United States Food, Drugs, Healthcare, Life Sciences

Improving the strength and generalizability of evidence from decentralized clinical trials

Decentralized clinical trials (DCTs) have the potential to increase access to more representative patient populations and improve the efficiency of clinical trials. Towards this end, in September, the Food and Drug Administration issued a final guidance, "Conducting Clinical Trials With Decentralized Elements," providing recommendations for sponsors, investigators, and other interested parties regarding the implementation of decentralized elements in DCTs.

This final guidance fulfills section 3606(a)(2) of the Consolidated Appropriations Act, 2023, directing FDA "to issue a final guidance that includes recommendations to clarify and advance the use of DCTs to support the development of drugs and devices."

Integrating decentralized elements in clinical trials

Unlike traditional clinical trials, DCTs use decentralized elements like digital health technologies (DHTs), local healthcare office visits, direct shipping of investigational products to participants, etc. Because all or some of the elements of DCTs occur at locations convenient for trial participants and enable remote participation, they may, for example, facilitate research in rural or rare disease populations not usually included in clinical research, thus improving "the strength and generalizability of the evidence produced by the trial," according to the final guidance.

Challenges include coordinating trial activities with facilities and individuals at multiple locations, designing and implementing a feasible DCT, and establishing risk assessment and management strategies.

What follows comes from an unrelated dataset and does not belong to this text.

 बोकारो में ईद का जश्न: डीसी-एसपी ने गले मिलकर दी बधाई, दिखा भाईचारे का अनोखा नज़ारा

The final guidance provides recommendations for establishing DCT design, conduct, and oversight; using local healthcare providers as well as remote clinical trial visits; implementing decentralized DHTs and software; and delineating the roles and responsibilities of sponsors and investigators.

Remote visits

The guidance highlights the important role of remote trial visits through means such as telehealth, home in-person visits, and local health care provider visits. Noted considerations in conducting these remote trial activities include protecting patient privacy, ensuring consistency in trial-related activities performed by local health care professionals, ensuring appropriate training of qualified staff for crucial research activities, documenting the manner in which data is collected, thorough consideration of adverse events monitoring in a remote setting, and ensuring adherence to applicable laws in telehealth data collection.

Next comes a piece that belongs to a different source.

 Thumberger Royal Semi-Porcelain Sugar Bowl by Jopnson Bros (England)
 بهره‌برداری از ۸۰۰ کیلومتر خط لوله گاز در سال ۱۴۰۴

Digital health technologies

The new guidance builds on previous FDA guidance on using DHTs with a discussion of suitability of digital technologies for all participants and the ability of participants to use a bring-your-own device model of data collection. The guidance indicates that sponsors should make DHT and telecommunication options available to participants who would be excluded in the absence of sponsor-provided DHTs.

Roles and responsibilities

The guidance reiterates that the study sponsor has the same responsibility for DCTs as for traditional site-based trials. It further emphasizes the need for proper oversight and coordination of DCT elements in data management plans, trial protocols, and other trial-related documents.

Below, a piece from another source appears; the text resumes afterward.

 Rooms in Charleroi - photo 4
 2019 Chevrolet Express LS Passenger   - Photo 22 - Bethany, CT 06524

Informed consent and IRB Oversight

While informed consent may be obtained from participants in their remote location, the process is subject to all regulatory requirements and investigators maintain responsibility of obtaining informed consent, or delegating the responsibility to an appropriately trained individual. Accordingly, trials must meet 21 CFR part 50 and participants must have a designated contact for study questions. The guidance recommends using a central institutional review board (IRB) for DCTs following previously released guidance.

Investigational products

The guidance indicates that, whether evaluating drugs and biological products or medical devices, the study sponsor should thoroughly evaluate whether a DCT is appropriate given the risks and safety, indication or intended use, and instructions for use, providing detail on considerations and regulations that must be followed when making decisions.

Packaging and shipping

The handling, packaging, shipping, and tracking of investigational products is the responsibility of the study investigator and requires detailed protocols, procedures, and documentation. In addition, investigators should consider the containers used for shipping, including provision of clear instructions, the physical integrity and stability of the investigational product during shipping, and ensuring that unused product is returned to the sponsor for disposal.

Safety monitoring

The guidance offers direction on developing safety monitoring plans that are designed for a DCT, including providing information on communicating adverse events, seeking medical assistance, the role of health care providers (HCPs) in performing trial-related activities, and the data collected and the manner of collection. Additionally, the guidance indicates that when unreasonable or significant safety risks emerge due to remote administration of the investigational product, the sponsor must discontinue the elements of the trial presenting the risk and notify all regulatory, oversight bodies, and investigators.

Electronic systems

The guidance highlights the importance of electronic systems in managing DCT operations, emphasizing the need for appropriate systems training, the ability of HCPs to submit trial-data, requirements for HCPs to be listed as authorized data originators, and requirements and exemptions from 21 CFR part 11.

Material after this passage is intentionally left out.